The Rheinische Post recently published a photo series entitled, "On the streets of Marxloh by night." A photo caption reads: "Normal citizens cannot be seen on the streets at night. Marxloh seems to have died out." Another caption: "At night, Romanian residents dance on the streets, the sound system in the car supplies loud music."
A 17-page report prepared for the NRW State Parliament revealed how Lebanese clans in Duisburg divide up certain neighborhoods in order to pursue their criminal activities, such as robbery, drug dealing and extortion. These groups do not recognize the authority of the police. Their members are males between the ages of 15 and 25 and "nearly 100%" of them are known to police. The prevailing offenses are physical assault, theft and robbery.
The report described the situation in Duisburg's Laar district, where two large Lebanese families call the shots. "The streets are actually regarded as a separate territory. Outsiders are physically assaulted, robbed and harassed. Experience shows that the Lebanese clans "can mobilize several hundred people in a very short period of time by means of a telephone call."

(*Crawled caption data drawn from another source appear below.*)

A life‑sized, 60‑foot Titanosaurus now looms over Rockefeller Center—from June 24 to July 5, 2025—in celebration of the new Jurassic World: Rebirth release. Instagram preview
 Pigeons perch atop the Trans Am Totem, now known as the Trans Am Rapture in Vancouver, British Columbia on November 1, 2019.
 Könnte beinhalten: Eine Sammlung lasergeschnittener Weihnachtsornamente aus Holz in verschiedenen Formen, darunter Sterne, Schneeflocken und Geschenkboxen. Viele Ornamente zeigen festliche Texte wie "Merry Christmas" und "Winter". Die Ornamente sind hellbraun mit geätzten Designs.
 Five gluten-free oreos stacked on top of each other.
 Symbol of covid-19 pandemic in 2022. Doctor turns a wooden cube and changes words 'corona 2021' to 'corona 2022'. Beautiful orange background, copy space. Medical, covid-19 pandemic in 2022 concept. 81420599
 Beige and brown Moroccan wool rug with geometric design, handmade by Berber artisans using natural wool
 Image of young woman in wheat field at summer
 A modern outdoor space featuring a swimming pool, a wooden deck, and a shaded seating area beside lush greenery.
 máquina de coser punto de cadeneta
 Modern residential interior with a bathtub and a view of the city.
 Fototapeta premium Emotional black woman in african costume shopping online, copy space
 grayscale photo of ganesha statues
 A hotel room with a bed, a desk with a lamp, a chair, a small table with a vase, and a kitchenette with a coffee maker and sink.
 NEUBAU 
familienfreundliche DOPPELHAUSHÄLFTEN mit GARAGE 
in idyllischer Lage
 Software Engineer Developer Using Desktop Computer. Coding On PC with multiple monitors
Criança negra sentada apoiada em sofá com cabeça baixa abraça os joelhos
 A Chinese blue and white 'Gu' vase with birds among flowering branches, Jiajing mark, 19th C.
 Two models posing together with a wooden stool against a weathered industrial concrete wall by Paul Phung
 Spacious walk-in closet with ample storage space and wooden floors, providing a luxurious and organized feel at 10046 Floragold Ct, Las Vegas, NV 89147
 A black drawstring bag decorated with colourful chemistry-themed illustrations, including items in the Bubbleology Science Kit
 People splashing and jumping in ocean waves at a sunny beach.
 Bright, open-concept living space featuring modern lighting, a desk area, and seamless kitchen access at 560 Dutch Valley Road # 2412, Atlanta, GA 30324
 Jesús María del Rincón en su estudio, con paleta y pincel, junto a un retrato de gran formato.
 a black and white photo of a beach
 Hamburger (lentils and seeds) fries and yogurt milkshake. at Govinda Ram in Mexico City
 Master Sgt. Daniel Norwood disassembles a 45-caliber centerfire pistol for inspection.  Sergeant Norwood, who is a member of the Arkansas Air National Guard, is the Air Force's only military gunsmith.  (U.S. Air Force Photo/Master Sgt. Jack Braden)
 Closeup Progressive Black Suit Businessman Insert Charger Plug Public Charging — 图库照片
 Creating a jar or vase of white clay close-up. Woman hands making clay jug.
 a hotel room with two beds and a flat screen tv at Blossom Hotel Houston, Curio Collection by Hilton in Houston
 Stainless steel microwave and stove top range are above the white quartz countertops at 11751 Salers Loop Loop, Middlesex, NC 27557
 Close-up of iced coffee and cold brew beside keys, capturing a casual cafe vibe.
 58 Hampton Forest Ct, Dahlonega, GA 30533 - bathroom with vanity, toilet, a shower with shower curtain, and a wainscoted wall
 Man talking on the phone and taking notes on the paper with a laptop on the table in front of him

Peter Biesenbach of the opposition Christian Democrats (CDU) said: "If this is not a no-go area, then I do not know what is." He has called for an official study to determine the true scope of the criminal clans in NRW.
NRW Interior Minister Ralf Jäger of the Social Democrats (SPD) rejected that request because such a study would be politically incorrect:
"Further data collection is not legally permissible. Both internally and externally, any classification that could be used to depreciate human beings must be avoided. In this respect, the use of the term 'family clan' is forbidden from the police point of view."
In nearby Gelsenkirchen, Kurdish and Lebanese clans are vying for control of city streets, some of which have become lawless zones that are increasingly off limits to German authorities. In one incident, police were patrolling an area in the southern part of the city when they were suddenly surrounded and physically assaulted by more than 60 clan members.
In another incident, two police officers stopped a driver who ran a red light. The driver got out of the car and ran away. When police caught up with him, they were confronted by more than 50 migrants. A 15-year-old attacked a policeman from behind and began strangling him, rendering him unconscious. Massive amounts of police reinforcements and pepper spray were needed to restore order.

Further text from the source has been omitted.